[Opening DATA UNDER STUDY section]

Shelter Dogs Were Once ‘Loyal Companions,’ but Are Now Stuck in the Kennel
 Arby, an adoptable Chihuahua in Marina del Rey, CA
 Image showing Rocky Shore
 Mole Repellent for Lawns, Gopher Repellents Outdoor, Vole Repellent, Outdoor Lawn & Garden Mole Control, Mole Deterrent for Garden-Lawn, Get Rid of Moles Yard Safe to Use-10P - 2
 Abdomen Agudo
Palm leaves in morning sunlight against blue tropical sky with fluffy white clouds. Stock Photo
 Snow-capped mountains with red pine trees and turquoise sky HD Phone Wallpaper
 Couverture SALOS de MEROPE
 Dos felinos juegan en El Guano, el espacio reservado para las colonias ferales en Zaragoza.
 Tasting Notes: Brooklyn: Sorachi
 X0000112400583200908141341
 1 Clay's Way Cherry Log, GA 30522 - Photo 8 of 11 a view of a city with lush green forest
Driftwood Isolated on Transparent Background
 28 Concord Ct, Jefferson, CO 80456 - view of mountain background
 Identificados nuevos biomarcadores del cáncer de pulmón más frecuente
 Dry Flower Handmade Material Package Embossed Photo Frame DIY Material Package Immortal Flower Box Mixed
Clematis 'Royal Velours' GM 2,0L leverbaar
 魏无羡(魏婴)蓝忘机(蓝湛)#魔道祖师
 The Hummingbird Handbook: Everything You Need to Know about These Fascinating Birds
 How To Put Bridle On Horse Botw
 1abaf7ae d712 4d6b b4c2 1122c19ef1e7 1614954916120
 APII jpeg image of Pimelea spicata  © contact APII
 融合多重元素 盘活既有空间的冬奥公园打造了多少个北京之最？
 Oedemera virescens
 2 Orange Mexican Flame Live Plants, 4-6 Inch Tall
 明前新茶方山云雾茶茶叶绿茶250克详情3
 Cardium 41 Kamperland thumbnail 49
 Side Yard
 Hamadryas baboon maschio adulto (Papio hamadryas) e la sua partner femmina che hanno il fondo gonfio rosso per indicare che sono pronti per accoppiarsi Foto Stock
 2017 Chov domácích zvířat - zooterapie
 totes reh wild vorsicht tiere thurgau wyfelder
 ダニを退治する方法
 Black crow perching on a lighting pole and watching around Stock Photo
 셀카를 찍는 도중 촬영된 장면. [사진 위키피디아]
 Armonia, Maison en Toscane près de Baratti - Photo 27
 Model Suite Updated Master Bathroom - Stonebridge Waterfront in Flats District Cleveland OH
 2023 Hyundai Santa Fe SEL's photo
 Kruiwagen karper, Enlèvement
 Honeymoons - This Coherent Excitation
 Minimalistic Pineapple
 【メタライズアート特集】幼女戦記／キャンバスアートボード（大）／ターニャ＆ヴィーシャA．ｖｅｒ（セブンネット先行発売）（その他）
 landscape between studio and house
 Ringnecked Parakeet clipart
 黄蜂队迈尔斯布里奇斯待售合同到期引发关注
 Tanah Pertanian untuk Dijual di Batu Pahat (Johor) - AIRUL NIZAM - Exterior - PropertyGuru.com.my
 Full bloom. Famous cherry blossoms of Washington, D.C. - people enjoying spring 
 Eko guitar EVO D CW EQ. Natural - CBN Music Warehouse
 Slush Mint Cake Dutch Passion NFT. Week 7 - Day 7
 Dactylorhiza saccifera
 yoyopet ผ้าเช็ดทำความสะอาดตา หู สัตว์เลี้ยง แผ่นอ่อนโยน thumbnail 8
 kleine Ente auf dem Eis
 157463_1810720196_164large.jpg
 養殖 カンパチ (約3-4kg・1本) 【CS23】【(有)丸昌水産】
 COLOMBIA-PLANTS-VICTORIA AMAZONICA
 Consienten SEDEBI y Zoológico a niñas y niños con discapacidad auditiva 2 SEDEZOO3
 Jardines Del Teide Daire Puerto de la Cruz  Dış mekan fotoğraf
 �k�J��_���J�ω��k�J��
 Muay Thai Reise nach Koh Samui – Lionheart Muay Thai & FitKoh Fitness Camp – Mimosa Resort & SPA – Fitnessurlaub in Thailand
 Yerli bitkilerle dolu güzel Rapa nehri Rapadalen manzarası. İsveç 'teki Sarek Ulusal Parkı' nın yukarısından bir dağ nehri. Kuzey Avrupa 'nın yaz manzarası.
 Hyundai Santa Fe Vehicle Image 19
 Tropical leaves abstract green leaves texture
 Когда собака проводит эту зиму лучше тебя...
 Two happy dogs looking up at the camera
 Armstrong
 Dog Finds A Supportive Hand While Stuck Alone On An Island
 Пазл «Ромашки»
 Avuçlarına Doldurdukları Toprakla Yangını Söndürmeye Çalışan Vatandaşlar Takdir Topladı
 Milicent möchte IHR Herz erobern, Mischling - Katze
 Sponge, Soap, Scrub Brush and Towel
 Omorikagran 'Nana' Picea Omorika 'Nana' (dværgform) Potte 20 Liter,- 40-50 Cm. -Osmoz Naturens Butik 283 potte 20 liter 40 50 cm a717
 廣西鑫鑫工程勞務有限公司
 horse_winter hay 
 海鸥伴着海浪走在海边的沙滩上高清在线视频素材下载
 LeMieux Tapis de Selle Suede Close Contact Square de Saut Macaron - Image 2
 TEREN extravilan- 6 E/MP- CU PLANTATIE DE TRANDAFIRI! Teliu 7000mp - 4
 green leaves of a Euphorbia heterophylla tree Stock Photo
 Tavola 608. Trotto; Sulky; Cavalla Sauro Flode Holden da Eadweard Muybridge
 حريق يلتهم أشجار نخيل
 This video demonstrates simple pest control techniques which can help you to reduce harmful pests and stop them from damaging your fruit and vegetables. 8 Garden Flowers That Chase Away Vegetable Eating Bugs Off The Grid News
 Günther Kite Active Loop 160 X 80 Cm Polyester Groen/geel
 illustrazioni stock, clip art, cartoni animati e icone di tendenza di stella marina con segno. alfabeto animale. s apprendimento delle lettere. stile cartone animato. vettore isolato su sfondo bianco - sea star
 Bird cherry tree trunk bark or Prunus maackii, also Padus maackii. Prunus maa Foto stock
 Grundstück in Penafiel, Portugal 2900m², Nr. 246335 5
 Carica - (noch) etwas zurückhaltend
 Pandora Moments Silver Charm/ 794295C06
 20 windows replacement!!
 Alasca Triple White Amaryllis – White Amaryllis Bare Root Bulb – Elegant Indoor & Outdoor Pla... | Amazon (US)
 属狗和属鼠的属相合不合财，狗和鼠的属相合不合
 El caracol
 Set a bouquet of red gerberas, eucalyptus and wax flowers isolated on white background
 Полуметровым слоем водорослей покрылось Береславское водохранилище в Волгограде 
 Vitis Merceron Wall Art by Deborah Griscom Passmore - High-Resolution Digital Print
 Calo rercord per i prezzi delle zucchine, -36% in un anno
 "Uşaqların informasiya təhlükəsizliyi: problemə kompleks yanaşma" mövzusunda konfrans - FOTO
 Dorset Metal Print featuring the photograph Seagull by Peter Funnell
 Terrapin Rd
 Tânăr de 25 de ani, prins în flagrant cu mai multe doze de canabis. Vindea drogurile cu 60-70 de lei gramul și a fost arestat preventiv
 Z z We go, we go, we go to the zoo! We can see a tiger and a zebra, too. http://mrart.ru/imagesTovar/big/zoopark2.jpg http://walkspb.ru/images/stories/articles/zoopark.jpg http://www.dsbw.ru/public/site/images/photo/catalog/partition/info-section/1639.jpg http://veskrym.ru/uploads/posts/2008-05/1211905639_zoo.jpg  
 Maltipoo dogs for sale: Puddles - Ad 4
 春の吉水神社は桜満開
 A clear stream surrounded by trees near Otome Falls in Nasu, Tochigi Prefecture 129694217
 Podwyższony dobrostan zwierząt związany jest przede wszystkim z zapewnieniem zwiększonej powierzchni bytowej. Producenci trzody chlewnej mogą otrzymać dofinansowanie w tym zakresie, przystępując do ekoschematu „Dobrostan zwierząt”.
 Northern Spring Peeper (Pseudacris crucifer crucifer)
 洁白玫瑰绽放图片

[Closing DATA UNDER STUDY section]

- _TO DO_: For each line above that includes the word "with", make a copy of that line.

- _EXPECTED OUTPUT_:
Palm leaves in morning sunlight against blue tropical sky with fluffy white clouds. Stock Photo
 Snow-capped mountains with red pine trees and turquoise sky HD Phone Wallpaper
 1 Clay's Way Cherry Log, GA 30522 - Photo 8 of 11 a view of a city with lush green forest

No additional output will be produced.